Valentine’s Day will be warm here in Conifer, around 60. Andover is at -2 with a -28 windchill. A contrast.

A persistent ridge of high pressure has dominated the weather pattern here in the west while an equally persistent trough of low pressure has dominated the east. Minnesota has been in a colder than normal pattern as a result; we’ve been warmer.

As each warm spell arrives, it feels as if spring has arrived. Later, as will happen Sunday, the weather cools down again. Not cold, but markedly cooler. That’s when the snow comes. So far each recent snowfall has been followed by a warmup. And our south facing asphalt driveway responds by melting the snow, though I did have to blow it once this week after a 7 inch or so snowfall.

And that’s all the weather for now.

Superior Wolf

Imbolc                                                    Settling Moon II

Began filing today. Deciding how to organize files to support what comes next. And what does come next? Damned if I know. I’ll pass the post for the 68th time tomorrow and what is past is gone, all 67 years. That means tomorrow I start fresh. No entanglements, no regrets. Another day, the start of another year’s trip on spaceship earth.

While taking files out of the boxes used to transport them, mostly plastic rectangles with supports for hanging files, a sudden thought about a next project did come to me.

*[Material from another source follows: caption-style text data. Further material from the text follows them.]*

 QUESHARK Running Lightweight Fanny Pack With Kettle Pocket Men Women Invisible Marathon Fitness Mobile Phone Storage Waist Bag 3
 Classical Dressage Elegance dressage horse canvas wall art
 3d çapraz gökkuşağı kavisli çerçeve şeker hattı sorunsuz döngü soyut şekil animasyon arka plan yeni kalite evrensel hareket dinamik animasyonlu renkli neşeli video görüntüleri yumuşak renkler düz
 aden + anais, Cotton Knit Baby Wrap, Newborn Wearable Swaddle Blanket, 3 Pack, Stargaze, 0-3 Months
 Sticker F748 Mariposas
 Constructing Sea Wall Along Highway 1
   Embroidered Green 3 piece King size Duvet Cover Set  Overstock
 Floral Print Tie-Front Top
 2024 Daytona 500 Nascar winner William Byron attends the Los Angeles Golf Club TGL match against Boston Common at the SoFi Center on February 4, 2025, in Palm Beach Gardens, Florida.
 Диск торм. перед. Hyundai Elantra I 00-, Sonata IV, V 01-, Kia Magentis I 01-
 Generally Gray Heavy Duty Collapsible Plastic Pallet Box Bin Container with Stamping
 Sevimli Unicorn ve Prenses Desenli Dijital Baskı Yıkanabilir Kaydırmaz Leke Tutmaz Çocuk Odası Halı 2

The file on the wolf hearings at the Minnesota State Legislature a few years back when de-listing the wolf (from the endangered species list) and the file on wolves as part of Minnesota’s eco-system were among the first ones I retrieved and placed in the horizontal file cabinet. They were fat with government documents, maps and material from a wolf course I took even further back at the Wolf Center in Ely. (where friend Mark Odegard’s exhibit still greets visitors)

These files, along with several books on wolves and Minnesota’s Northwoods, supported a project I’ve had in mind for a long time: Superior Wolf. Several chapters have been written, many rejected. But for some reason I could never find the right line to continue.

Superior Wolf. That’s one I really want to finish. Or, better, one I want to discover how to write. It occurred to me that the distance between those files, those early chapters and now the literal distance between me and the Minnesota Northwoods might help.

I’d like to get a novel going again and the Latin. I’m close on both counts, I think.

Once I get that filing done.

Who?

Imbolc                                                                      Settling Moon II

As the dominant ethos of Minnesota lies in its wild lands to the north, the Boundary Waters Wilderness and Voyageurs National Park emblematic of it, so the dominant ethos of Colorado lies in its wrinkled skin, mountains thrusting up from north to south and from the Front Range to the west. Where Minnesota’s map is essentially flat, marked with depressions filled with either water or wetlands or peat bogs, Colorado’s map is tortured, angular chunks of rock shoved up this way and that, lonely roads tailing off into gulches and canyons and valleys.

These two states share a common theme, wild nature at their core. You may live in these states and never trek in the mountains or visit the lake country; it is possible, but if that is you, then you shun the basic wealth of the land which you call home. In these two states, as in several other western states like Idaho, Washington, Montana, Oregon the political borders that mark them out matter much less than the physical features that define them.

In these places the heart can listen to the world as it once was and could be again. This is a priceless and necessary gift. It may be found in its purest form in the areas designated as wilderness, but these lands participate in wild nature in their totality. Those of us lucky enough to live within them have a privilege known only by occasional journeys to city dwellers. With that privilege comes, as with all privilege, responsibility.

These places which speak so eloquently, so forcefully when seen are silent out of view. On the streets of Manhattan, inside the beltway of Washington, in the glitter of Las Vegas and the sprawl of Los Angeles these places shimmer only in photographs, movie and television representation, books and their power is not in them.

Who will speak for the mountains? Who will speak for the North Woods and its waters? Who will speak for the trees?